For those not in the know, Topdown Dialectic was originally a faceless project putting out clear cassettes of washed-out dub techno in clear cases with absolutely no packaging or info. The tracks were all exactly five minutes long, which lent further mystery, as if they’d been produced by some arcane assembly line. As the project evolved, it broke off from the Aught collective, eventually landing on Brian Foote’s Peak Oil label, where Topdown Dialectic became a (relative) hot commodity. The records sold out in a matter of days, and nerdy online chatter escalated with each repress.
And why did people care so much?
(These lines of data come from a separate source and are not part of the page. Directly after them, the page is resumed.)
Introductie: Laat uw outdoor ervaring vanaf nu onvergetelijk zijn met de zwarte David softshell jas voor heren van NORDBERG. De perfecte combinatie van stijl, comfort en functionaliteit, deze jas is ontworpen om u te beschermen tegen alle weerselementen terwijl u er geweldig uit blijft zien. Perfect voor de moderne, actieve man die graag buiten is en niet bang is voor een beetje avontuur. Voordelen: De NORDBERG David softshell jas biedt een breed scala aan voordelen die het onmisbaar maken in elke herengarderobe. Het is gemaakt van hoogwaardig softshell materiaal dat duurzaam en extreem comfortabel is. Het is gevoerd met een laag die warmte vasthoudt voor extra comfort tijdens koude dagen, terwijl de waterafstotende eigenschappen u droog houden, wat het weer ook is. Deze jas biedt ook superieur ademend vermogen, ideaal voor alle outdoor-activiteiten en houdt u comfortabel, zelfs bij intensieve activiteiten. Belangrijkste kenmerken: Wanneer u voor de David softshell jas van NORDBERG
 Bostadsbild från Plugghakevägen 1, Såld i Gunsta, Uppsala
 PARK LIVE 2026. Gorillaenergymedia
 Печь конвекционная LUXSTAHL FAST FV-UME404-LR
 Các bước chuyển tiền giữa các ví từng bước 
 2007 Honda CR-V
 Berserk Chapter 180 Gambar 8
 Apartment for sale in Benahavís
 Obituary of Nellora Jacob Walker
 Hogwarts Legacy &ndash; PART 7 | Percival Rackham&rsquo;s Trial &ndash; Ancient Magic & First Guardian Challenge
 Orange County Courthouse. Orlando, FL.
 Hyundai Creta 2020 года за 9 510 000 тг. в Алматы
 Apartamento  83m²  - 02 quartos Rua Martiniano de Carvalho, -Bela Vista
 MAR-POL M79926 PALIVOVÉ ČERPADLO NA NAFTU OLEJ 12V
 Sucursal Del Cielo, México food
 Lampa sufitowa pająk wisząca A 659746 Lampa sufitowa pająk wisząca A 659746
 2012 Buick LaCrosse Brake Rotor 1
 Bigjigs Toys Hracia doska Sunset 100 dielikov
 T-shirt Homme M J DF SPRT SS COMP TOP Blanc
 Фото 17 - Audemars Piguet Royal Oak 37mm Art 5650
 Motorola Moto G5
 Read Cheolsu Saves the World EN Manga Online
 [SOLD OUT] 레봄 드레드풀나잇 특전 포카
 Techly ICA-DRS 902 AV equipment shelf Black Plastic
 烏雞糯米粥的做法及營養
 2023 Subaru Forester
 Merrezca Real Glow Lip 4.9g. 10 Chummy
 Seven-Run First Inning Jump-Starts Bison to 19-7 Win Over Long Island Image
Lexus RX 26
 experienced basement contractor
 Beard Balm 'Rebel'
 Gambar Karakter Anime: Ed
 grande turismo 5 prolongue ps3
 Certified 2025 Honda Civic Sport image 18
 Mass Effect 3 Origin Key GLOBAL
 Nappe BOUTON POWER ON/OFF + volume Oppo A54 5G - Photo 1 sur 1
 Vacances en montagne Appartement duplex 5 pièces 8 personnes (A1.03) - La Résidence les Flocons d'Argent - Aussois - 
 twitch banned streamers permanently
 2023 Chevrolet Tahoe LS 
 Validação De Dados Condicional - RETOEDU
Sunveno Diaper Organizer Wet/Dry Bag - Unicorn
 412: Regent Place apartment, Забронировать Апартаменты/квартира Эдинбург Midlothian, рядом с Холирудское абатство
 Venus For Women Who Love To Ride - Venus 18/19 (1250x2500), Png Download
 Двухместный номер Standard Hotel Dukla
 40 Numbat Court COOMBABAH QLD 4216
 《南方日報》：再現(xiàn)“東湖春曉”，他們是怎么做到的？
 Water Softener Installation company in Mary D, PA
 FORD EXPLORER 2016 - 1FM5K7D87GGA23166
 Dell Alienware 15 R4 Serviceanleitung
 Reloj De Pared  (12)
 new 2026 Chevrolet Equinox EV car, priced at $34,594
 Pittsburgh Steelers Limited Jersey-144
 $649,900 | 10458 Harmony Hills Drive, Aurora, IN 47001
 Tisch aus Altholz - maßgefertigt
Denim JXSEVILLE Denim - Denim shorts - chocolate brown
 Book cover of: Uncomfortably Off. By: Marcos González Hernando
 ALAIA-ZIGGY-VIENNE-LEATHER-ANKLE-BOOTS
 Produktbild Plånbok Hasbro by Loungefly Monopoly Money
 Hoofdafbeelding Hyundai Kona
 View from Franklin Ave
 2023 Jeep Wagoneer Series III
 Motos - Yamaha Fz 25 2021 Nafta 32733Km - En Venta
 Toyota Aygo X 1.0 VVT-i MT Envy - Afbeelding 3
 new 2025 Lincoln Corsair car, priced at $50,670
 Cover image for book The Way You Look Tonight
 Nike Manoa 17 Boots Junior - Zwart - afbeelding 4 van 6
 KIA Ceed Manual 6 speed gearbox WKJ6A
Because, like the presentation, the music said as much as it didn’t say. Topdown Dialectic tracks are like film negatives exposed to light for a split second: murky and hard to place, with once-familiar shapes bled out into blobs. You might get the occasional techno beat, chord stab, or even vocal sample. There’s something intoxicating about not knowing what you’re listening to, about only catching snippets of familiar sounds, like branches and leaves caught in river rapids. The new LP takes that sense of dissolution to a whole new level, more impressionistic and bewitching than before, with barely there rhythms that randomly surface and disappear.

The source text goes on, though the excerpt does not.